◆ DIRECTIONS: Write out the listing verbatim. No pictures belong in it.

◆ SOURCE MATERIAL:
>>>

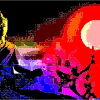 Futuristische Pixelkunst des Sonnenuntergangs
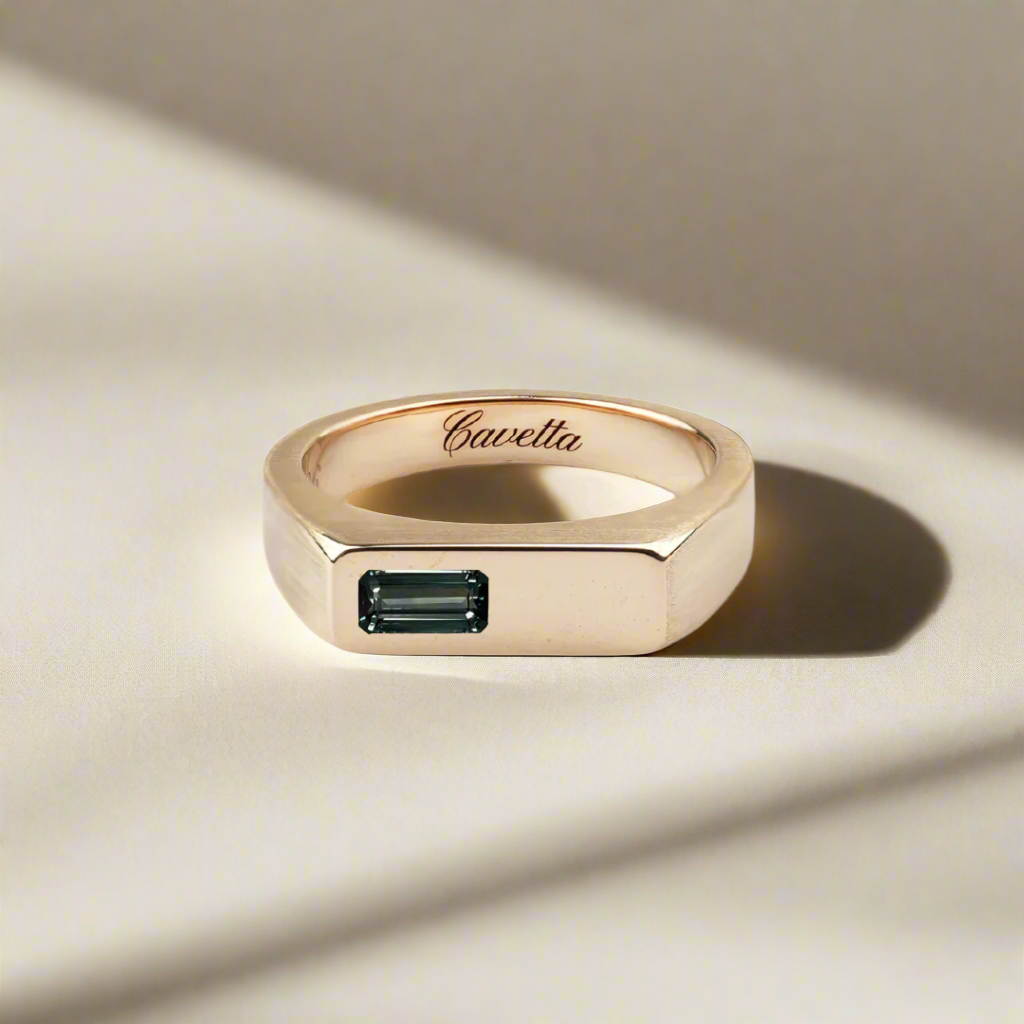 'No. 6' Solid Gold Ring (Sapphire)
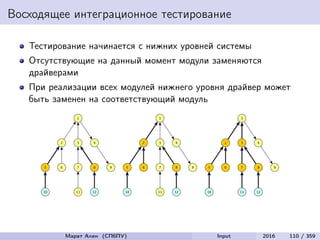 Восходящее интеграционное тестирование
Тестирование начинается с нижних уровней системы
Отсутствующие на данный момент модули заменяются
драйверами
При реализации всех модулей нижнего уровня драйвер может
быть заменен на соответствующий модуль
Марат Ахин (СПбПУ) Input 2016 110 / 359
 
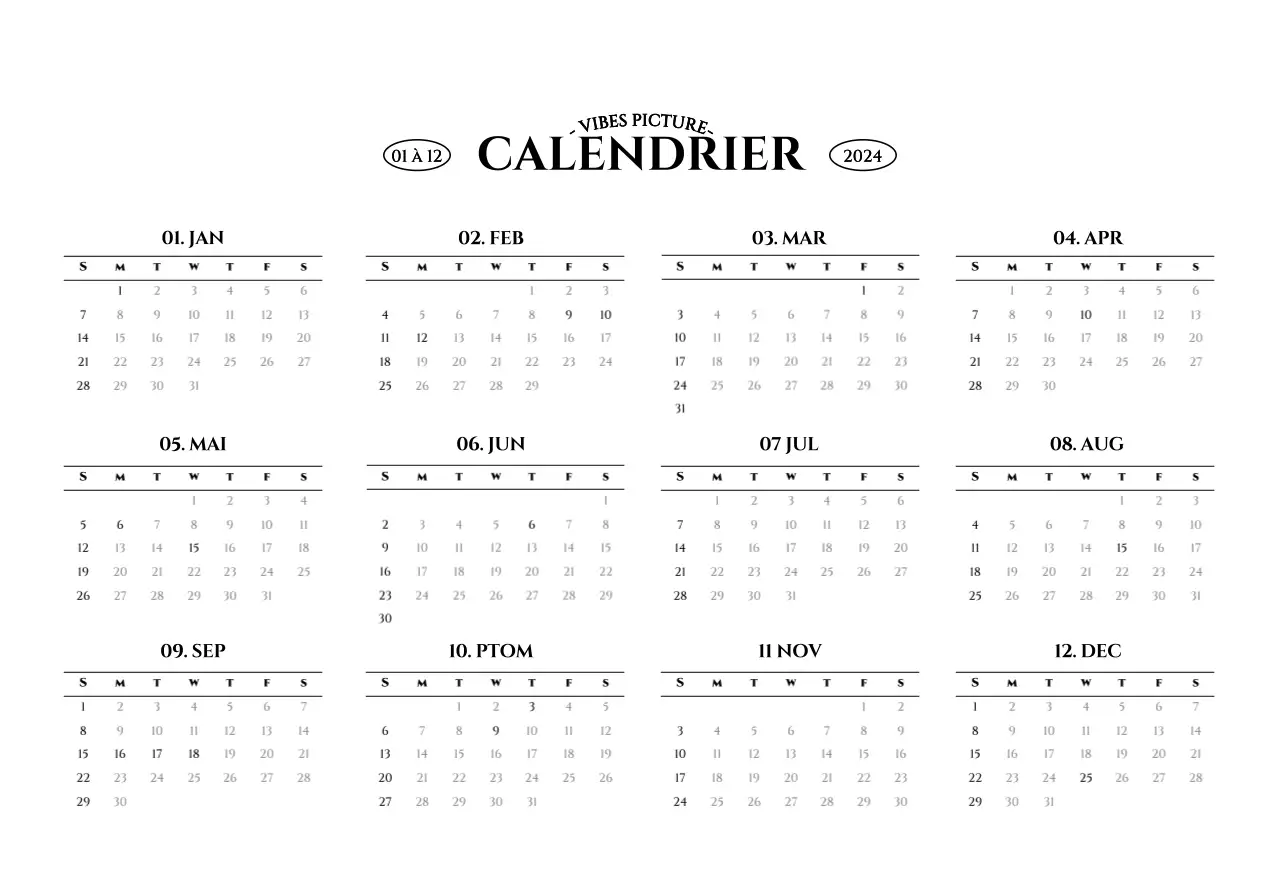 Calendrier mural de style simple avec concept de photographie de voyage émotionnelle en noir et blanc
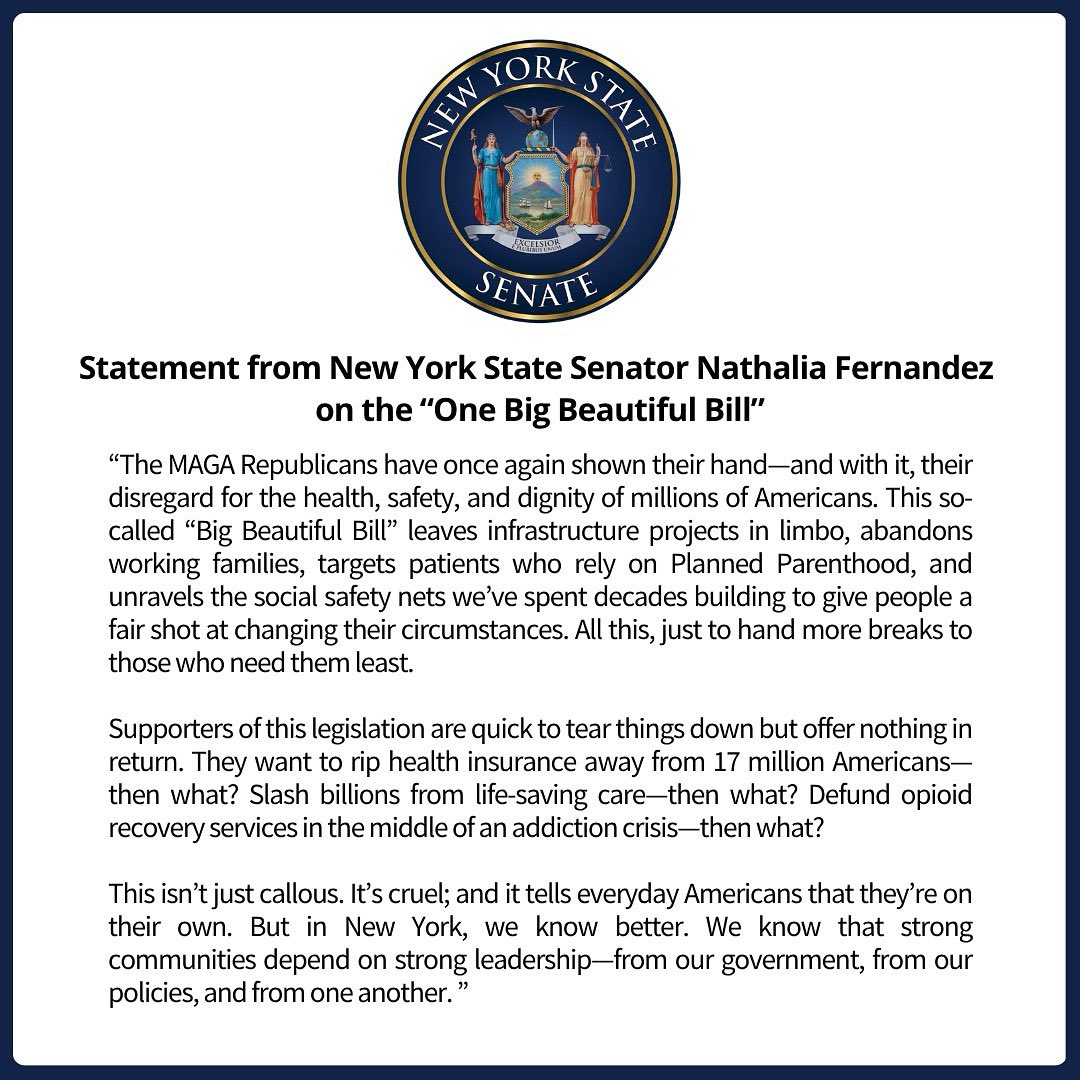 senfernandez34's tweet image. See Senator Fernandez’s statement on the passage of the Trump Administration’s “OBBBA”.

<<<

◆ RESULT OF THIS EXERCISE:
 Futuristische Pixelkunst des Sonnenuntergangs
 'No. 6' Solid Gold Ring (Sapphire)
 Восходящее интеграционное тестирование
Тестирование начинается с нижних уровней системы
Отсутствующие на данный момент модули заменяются
драйверами
При реализации всех модулей нижнего уровня драйвер может
быть заменен на соответствующий модуль
Марат Ахин (СПбПУ) Input 2016 110 / 359
 
 Calendrier mural de style simple avec concept de photographie de voyage émotionnelle en noir et blanc
 senfernandez34's tweet image. See Senator Fernandez’s statement on the passage of the Trump Administration’s “OBBBA”.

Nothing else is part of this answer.